Material supplied: Begin

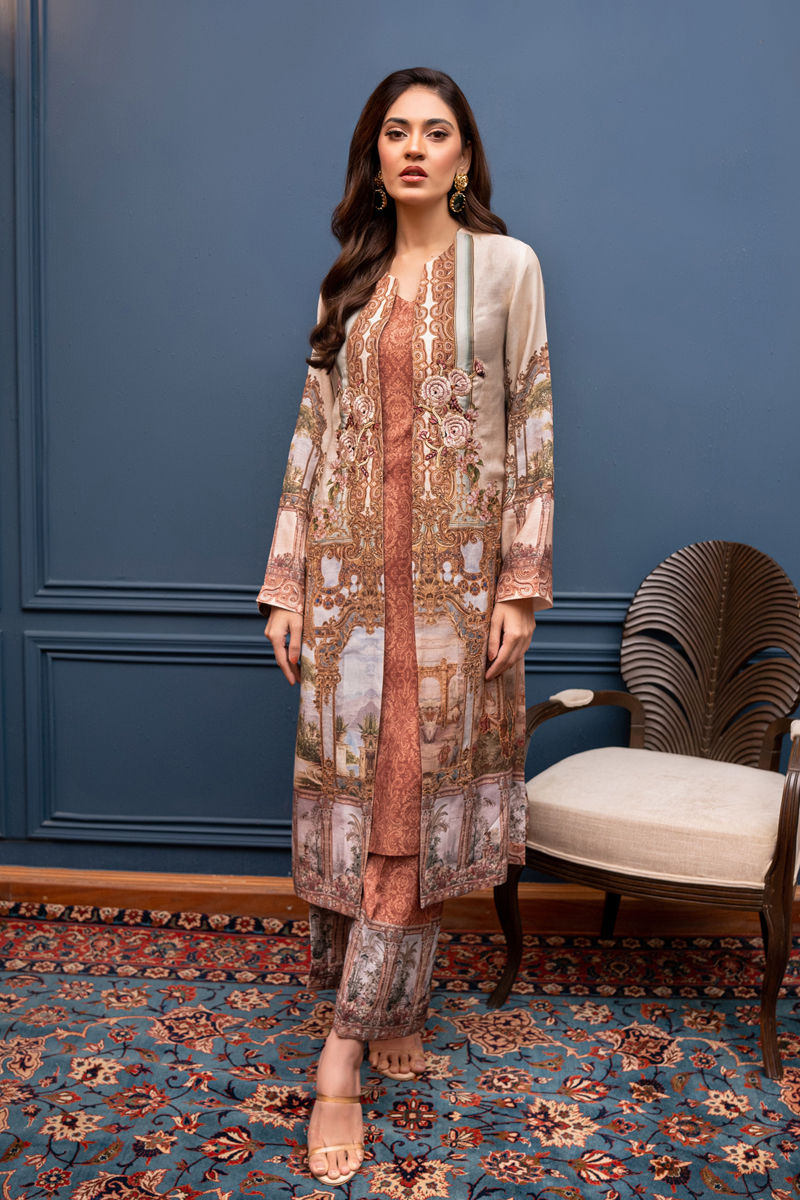 Shamaeel Ansari | Essentials 25 | EKS-01 by Shamaeel Ansari - Designer Dress  - Type : Ladies Clothes - Available at Libayah - 100% Original 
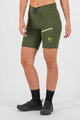 KARPOS Krótkie spodnie kolarskie bez szelek - VAL DI DENTRO W - zielony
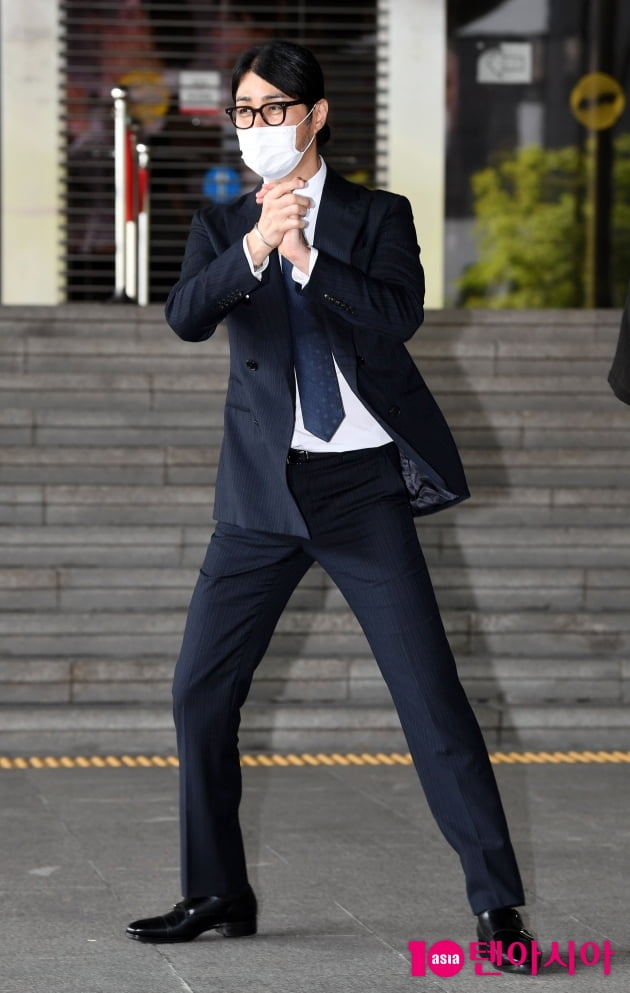 [TEN 포토] 차승원 '퇴근도 영화의 한 장면처럼...'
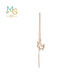 Chow Sang Sang 18K Rose Gold Mint Series Unicorn Colored Gold Earrings Ear Wire Single Side 92256E Pricing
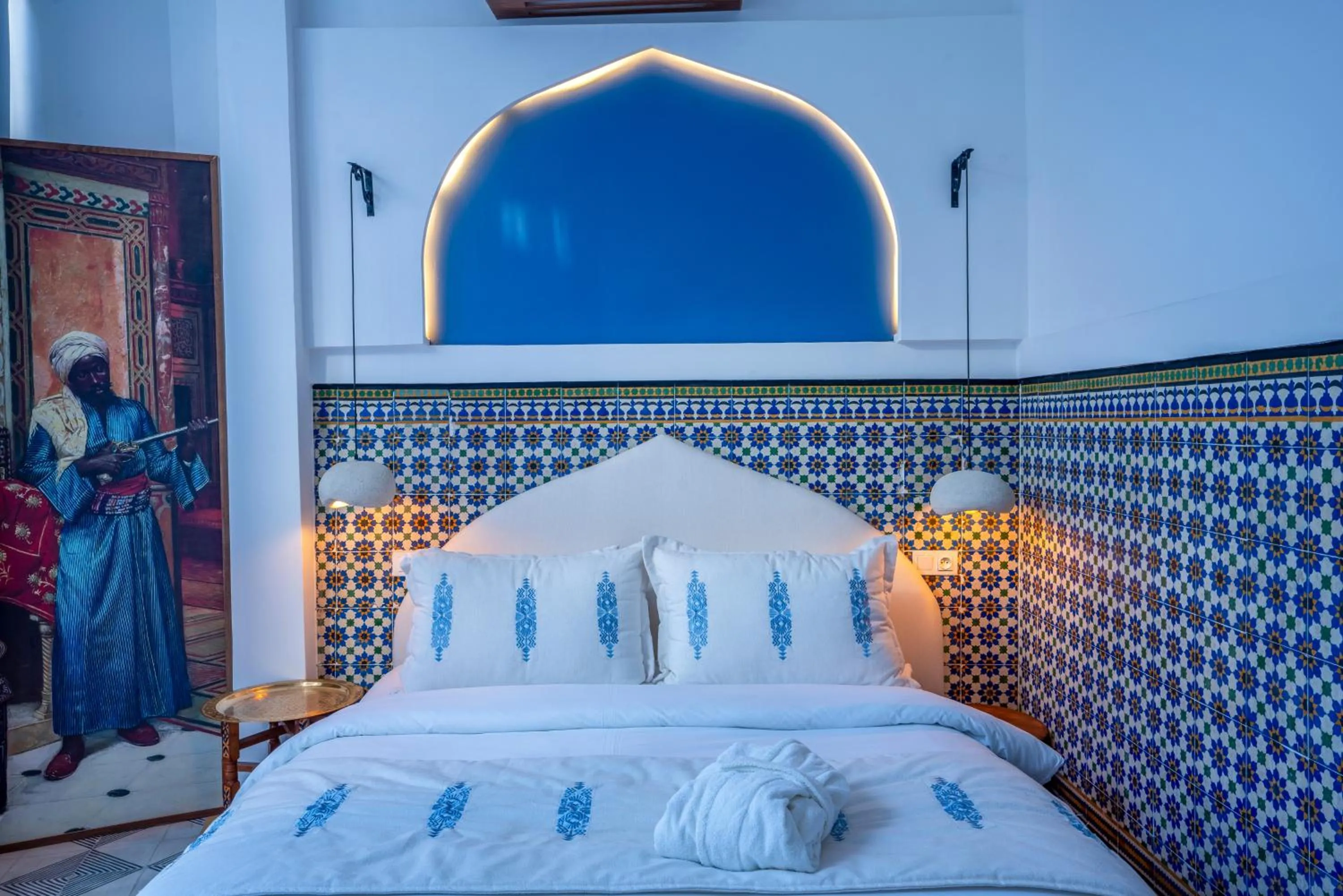 Bed in Maison H Kasbah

Material supplied: End

### Activity
Give back exactly the lines from the line with "KARPOS Krótkie spodnie" through the final line of the entries above, and keep pictures out of the copy.

### Result of this task
 KARPOS Krótkie spodnie kolarskie bez szelek - VAL DI DENTRO W - zielony
 [TEN 포토] 차승원 '퇴근도 영화의 한 장면처럼...'
 Chow Sang Sang 18K Rose Gold Mint Series Unicorn Colored Gold Earrings Ear Wire Single Side 92256E Pricing
 Bed in Maison H Kasbah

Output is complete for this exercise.